The services giant follows Wood Group and Amec in reducing the amount it pays freelance workers by 10% in an effort to cut spiralling costs.
The changed will take effect on June 28, and contractors who do not accept the pay cut will have their contract terminated on June 27.
“We can confirm that we have written to our Aberdeen-based, onshore limited company contractors to advise them that we intend to apply a rate reduction effective end of this month, a spokesman said.
“In line with our normal policies, processes and procedures we regularly review the relative competitiveness of our remuneration, compensation and benefits packages and supplier cost base.”
Amec and Wood Group cut rates earlier this month.
Wood Group PSN chief executive Robin Watson sent a letter to its 1,750 onshore and offshore contractors warning them of the cut in pay.
He said that WGPSN was “committed to seeking options” to retain affected contractors by offering them a permanent job with the Aberdeen firm.
WGPSN said the move came after an internal review which found that contractors’ rates have risen three times more than staff rates in the past five years.
The firm said it needed to control costs for clients.
But critics warned that the move would only serve to drive out sorely needed skills in the industry.
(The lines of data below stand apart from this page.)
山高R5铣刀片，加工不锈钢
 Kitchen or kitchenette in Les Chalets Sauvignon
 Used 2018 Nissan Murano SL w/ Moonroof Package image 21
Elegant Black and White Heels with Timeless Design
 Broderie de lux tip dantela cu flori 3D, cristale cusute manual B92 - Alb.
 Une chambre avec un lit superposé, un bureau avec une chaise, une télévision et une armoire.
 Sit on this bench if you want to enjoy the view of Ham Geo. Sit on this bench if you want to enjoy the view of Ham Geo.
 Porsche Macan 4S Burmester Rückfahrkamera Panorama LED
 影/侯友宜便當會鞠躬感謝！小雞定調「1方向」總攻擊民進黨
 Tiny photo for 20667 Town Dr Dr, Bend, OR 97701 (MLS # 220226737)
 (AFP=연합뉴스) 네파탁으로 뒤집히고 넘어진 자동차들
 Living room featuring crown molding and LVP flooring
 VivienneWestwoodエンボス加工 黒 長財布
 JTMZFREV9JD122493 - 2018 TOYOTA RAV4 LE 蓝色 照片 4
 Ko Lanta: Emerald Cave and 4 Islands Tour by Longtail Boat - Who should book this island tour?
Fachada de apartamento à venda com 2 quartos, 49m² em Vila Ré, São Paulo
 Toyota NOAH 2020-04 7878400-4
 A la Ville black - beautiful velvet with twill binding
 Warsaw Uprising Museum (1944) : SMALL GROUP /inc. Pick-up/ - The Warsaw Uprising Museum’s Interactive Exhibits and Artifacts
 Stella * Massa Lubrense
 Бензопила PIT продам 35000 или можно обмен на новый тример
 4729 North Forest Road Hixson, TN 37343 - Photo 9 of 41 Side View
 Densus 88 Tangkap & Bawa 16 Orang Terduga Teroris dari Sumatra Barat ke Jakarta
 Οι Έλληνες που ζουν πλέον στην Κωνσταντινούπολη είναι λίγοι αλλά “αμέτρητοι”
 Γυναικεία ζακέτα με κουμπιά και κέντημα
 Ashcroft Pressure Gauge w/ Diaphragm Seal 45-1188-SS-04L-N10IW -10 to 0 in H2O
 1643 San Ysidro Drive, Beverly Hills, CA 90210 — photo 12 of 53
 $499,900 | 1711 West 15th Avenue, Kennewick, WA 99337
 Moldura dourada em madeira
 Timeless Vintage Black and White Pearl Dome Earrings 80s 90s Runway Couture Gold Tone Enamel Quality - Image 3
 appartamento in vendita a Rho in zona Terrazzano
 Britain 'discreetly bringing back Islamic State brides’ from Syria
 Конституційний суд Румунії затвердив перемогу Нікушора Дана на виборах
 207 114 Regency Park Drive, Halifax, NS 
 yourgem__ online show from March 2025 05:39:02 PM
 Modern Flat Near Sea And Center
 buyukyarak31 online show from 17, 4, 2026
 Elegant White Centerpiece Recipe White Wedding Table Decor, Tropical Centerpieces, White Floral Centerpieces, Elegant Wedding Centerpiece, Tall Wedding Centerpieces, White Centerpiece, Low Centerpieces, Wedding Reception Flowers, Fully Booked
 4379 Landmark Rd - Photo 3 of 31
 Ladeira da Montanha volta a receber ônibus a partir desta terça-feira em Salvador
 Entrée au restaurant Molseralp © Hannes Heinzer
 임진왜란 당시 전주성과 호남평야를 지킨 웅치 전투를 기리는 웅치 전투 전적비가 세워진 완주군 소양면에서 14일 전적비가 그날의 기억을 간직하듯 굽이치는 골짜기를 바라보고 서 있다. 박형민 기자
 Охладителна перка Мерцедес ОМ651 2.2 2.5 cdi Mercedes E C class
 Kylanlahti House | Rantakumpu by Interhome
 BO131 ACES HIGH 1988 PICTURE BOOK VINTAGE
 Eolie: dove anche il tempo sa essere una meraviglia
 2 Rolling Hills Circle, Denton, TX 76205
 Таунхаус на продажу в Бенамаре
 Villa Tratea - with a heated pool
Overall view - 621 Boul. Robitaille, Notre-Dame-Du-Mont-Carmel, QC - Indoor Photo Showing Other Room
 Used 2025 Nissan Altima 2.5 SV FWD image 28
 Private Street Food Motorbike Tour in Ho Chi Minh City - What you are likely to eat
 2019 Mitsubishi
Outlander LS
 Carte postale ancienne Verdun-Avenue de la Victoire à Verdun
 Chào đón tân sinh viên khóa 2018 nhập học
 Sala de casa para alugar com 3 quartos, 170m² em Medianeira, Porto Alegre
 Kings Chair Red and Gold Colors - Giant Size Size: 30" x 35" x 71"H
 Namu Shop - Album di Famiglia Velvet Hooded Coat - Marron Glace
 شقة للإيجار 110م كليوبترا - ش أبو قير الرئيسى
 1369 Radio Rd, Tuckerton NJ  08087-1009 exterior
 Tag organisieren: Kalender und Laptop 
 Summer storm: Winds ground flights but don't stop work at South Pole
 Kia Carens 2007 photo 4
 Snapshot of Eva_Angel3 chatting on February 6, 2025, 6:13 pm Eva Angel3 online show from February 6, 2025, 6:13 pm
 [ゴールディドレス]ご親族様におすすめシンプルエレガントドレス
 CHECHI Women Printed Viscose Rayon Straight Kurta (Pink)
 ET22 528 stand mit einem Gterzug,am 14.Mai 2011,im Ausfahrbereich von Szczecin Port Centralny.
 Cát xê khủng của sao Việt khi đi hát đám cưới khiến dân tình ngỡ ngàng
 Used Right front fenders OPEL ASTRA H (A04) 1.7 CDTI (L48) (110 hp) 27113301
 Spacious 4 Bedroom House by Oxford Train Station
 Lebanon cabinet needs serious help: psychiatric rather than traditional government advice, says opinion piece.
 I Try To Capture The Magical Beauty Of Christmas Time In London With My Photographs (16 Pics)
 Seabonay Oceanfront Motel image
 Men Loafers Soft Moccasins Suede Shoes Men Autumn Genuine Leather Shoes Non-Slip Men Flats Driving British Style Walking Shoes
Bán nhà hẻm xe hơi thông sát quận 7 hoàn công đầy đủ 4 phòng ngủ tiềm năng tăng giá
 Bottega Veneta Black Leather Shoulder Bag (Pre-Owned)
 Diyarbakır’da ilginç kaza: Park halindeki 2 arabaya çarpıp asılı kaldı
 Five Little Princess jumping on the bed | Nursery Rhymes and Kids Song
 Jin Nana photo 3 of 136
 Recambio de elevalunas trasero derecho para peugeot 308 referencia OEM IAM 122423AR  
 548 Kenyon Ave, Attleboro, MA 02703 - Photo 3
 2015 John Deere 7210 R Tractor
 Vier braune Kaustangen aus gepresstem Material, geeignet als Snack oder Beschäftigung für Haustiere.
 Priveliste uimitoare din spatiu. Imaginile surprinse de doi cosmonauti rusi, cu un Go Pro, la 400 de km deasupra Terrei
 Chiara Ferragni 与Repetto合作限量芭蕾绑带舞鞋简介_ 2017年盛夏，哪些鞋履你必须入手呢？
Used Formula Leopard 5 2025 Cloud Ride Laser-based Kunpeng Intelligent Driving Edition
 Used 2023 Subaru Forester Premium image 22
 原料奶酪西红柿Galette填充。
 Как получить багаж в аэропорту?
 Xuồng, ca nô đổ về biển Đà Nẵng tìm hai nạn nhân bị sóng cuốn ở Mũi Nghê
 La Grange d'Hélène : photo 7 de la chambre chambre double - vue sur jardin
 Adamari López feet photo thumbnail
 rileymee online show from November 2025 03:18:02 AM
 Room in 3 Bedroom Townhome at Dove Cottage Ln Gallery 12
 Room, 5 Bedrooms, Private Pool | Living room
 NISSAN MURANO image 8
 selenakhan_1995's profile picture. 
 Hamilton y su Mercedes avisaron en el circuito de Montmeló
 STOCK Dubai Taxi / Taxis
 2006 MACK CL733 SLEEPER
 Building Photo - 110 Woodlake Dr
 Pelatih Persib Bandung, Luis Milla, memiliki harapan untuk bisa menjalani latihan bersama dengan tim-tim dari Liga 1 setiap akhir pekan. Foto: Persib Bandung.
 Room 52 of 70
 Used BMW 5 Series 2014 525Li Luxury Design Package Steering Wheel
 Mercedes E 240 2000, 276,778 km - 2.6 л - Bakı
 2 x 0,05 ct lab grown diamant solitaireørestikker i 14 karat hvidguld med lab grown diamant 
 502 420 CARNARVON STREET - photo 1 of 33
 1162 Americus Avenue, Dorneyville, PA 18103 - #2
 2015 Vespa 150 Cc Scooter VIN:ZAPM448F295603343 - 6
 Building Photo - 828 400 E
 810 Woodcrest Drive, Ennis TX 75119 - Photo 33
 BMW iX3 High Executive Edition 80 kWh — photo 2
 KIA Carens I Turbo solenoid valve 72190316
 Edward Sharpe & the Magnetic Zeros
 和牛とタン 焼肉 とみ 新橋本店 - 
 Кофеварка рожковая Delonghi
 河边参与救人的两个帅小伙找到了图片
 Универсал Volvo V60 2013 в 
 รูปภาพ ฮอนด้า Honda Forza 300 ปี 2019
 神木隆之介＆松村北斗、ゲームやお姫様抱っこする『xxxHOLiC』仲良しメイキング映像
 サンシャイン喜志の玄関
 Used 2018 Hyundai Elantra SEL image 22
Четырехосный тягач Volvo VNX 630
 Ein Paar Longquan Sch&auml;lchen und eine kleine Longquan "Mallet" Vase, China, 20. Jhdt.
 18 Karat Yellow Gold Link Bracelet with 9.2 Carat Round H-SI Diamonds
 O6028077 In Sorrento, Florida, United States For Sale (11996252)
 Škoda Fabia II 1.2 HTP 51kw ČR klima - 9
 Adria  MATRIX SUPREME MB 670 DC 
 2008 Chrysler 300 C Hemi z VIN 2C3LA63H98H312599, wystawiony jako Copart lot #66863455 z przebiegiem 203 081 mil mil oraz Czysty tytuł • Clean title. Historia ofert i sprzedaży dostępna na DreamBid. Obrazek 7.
Ian Bell, a director of independent engineering contractor Optimus, said: “There is a definite need to reduce costs in the UK oil and gas sector, but cutting contractor rates only stands to drive more people out of the industry.
“The age of the contractor labour force is getting toward retirement age anyway and lower rates are likely to see many people bring their retirement plans forward. Exactly what the industry does not need is a drain of experience.”